In the 18 months between February 2014 and September 2015, the Association of American Publishers (AAP), whose 1200 members include the “Big Five”: Penguin Random House, HarperCollins, Simon & Schuster, Macmillan, and Hachette — have seen their collective share of the US ebook market collapse: from 45% of all Kindle books sold down to 32% from 64% of Kindle publisher gross $ revenue down to 50% from 48% of all Kindle author net $ earnings down to 32%

The AAP releases monthly StatShot reports on the total dollar sales of their 1200 participating publishers, of which the “Big Five” collectively account for roughly 80%.

So far in 2015, the AAP’s reports have charted a progressive decline in both ebook sales and overall revenue for the AAP’s member publishers.

During that same period in 2015, Amazon’s overall ebook sales have continued to grow in both unit and dollar terms, fueled by a strong shift in consumer ebook purchasing behavior away from traditionally-published ebooks and toward indie-published- and Amazon-imprint-published ebooks.

These “non-traditionally-published” books now make up nearly 60% of all Kindle ebooks purchased in the US, and take in 40% of all consumer dollars spent on those ebooks.

The AAP is still reporting on May 2015 right now; they haven’t seen the latest 5% drop in their collective market share, measured by Author Earnings in early September 2015 (after Penguin Random House’s return to agency pricing).

Is the broader US ebook market shrinking or growing?
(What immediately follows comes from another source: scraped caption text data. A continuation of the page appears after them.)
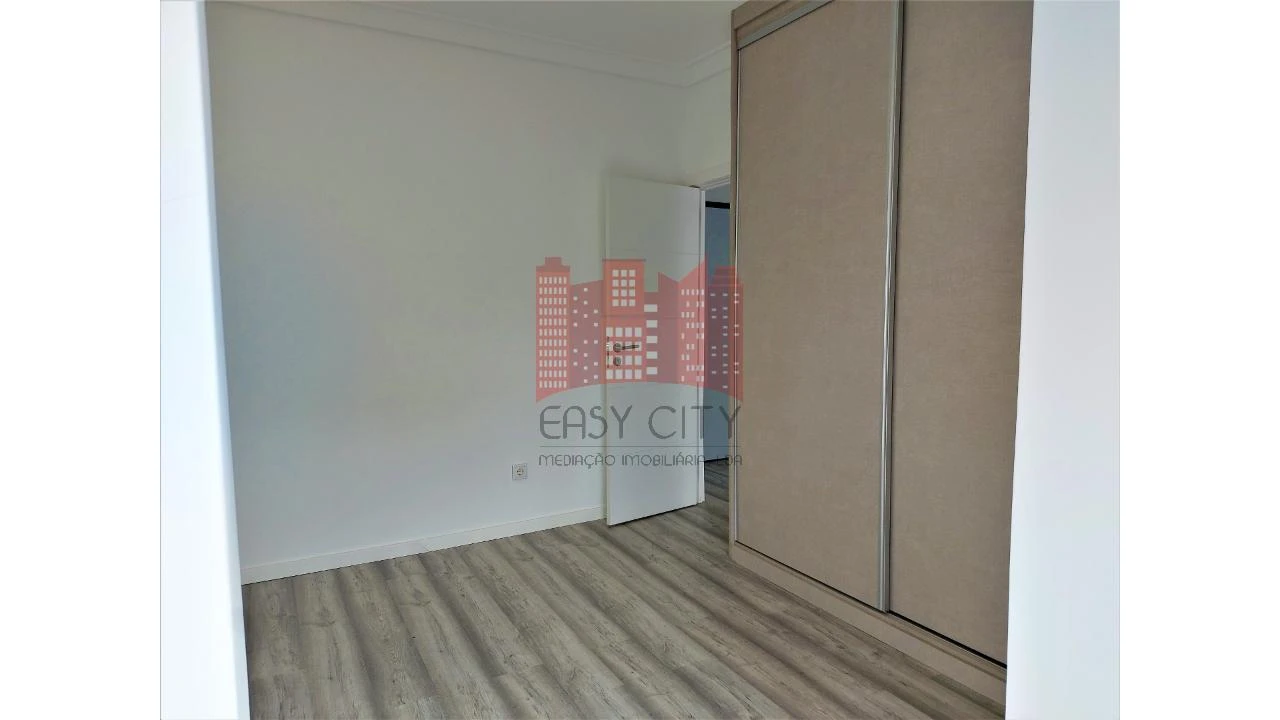 Apartamento T1 para Venda em Arroios Foto 21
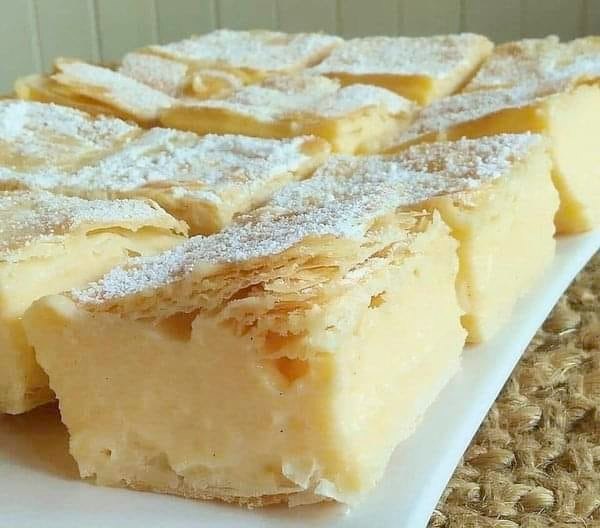 CLASSIC VANILLA CUSTARD BARS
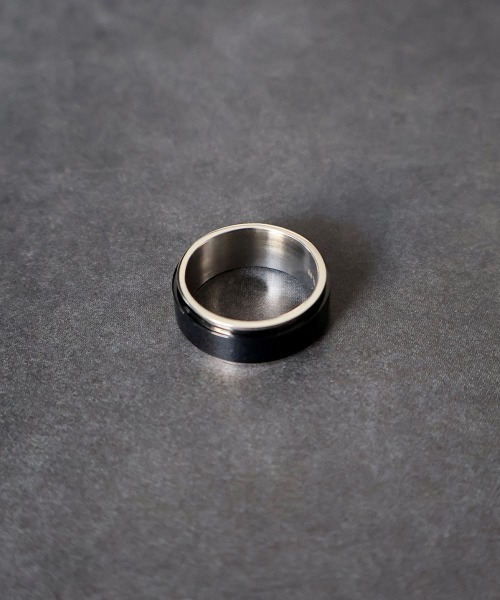 4INT.（フォイント）の「ブラックライン リング / サージカルステンレス316L (金属アレルギー対応)（リング・メンズ・B/C/A/D・18号/16号）」の20枚目の写真
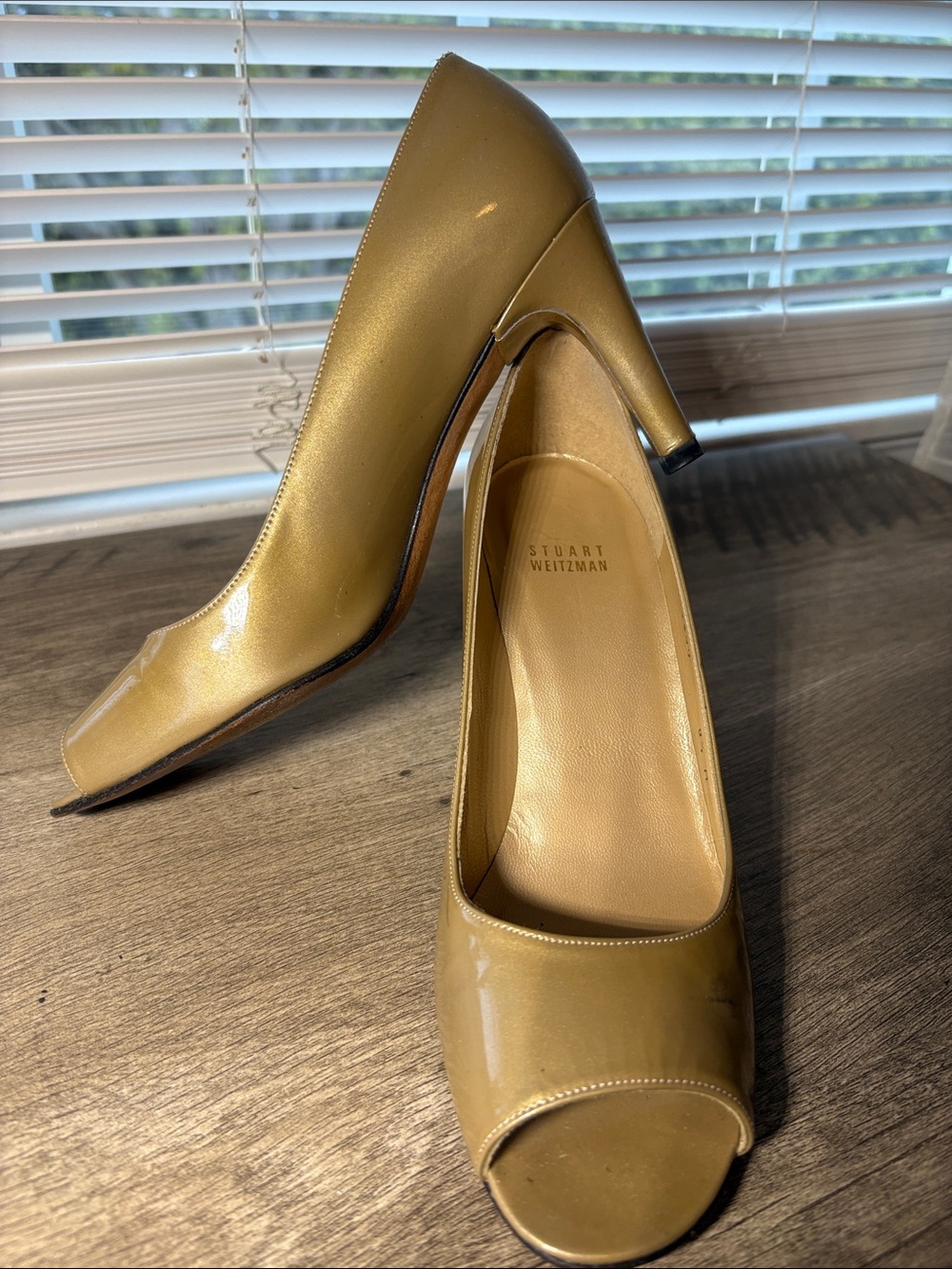 Stuart Weitzman Olive/gold tone Patent Leather Peep-Toe Heels. WM’s sz 8.5M
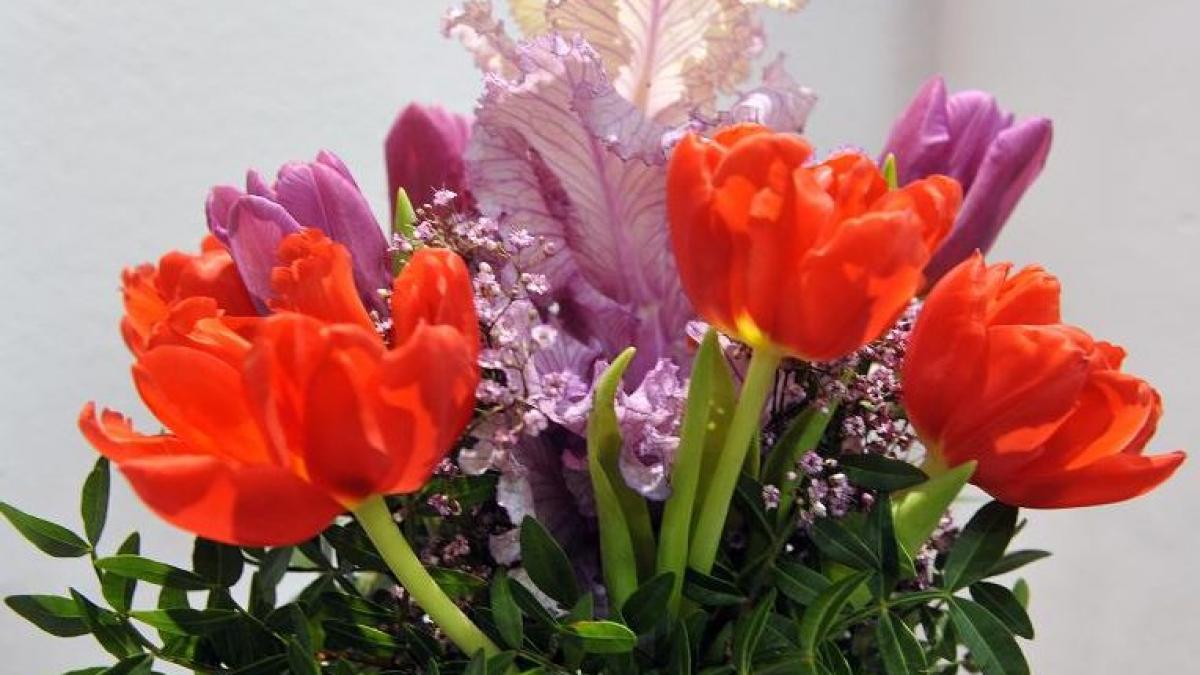 amenzi de circa 3 milioane de lei in 4 zile in comertul cu flori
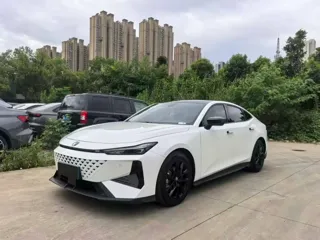 Changan UNI-V 2024 купить из Китая, цена 2 320 000 ₽ — Suifenhe Auto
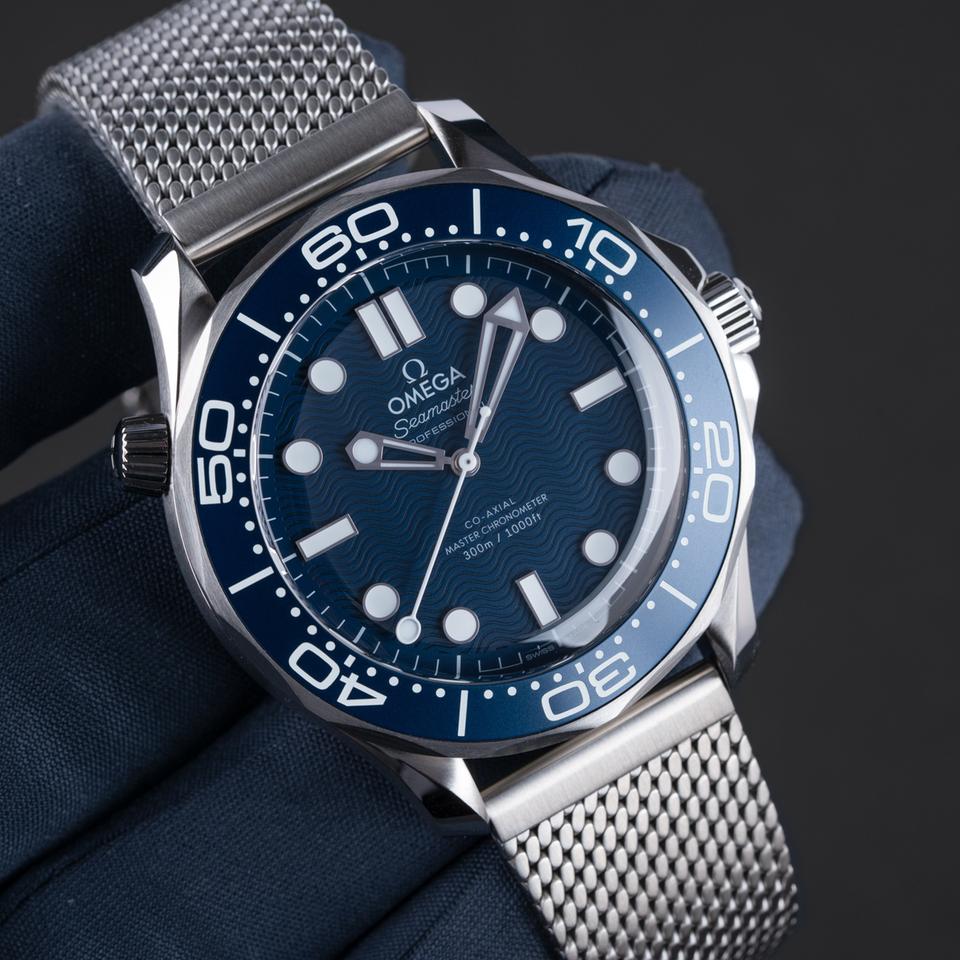 Omega Seamaster Diver 300 M NEW 2026 Seamaster James Bond 007 60th Anniversary Edition 210.30.42.20.03.002 — photo 3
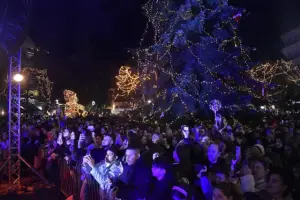 Φλώρινα: Φωταγωγήθηκε το Χριστουγεννιάτικο Δέντρο Φλώρινα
Let’s find out.

For details, charts, and data, dive in to…

The September 2015 Author Earnings Report

In 2014, one of the pervasive memes in publishing was that, after several years of tumultuous change, the industry was finally stabilizing. Many industry observers opined that the disruption caused by the rise of ebooks and the ease of digital self-publishing had run its course. The largest traditional publishers generally cheered the recent leveling off of their ebook sales — in one case, characterizing a sharp decline in their own ebook revenue as “great news.” Over the past 18 months, they’ve responded to shrinking ebook sales with progressive and continual ebook price hikes. But now, in 2015, the largest traditional publishers are seeing both their ebook revenue and their overall dollar revenues — including print revenue — declining.

The widely-heralded “plateauing” of the US ebook market has gotten plenty of press over the last 18 months, fueled primarily by these reports of declining ebook sales from the AAP, from Nielsen, and in the released quarterly financials of the Big Five.

Traditional publishers and publishing industry pundits are claiming that the broader US ebook market has now flattened, or is even shrinking.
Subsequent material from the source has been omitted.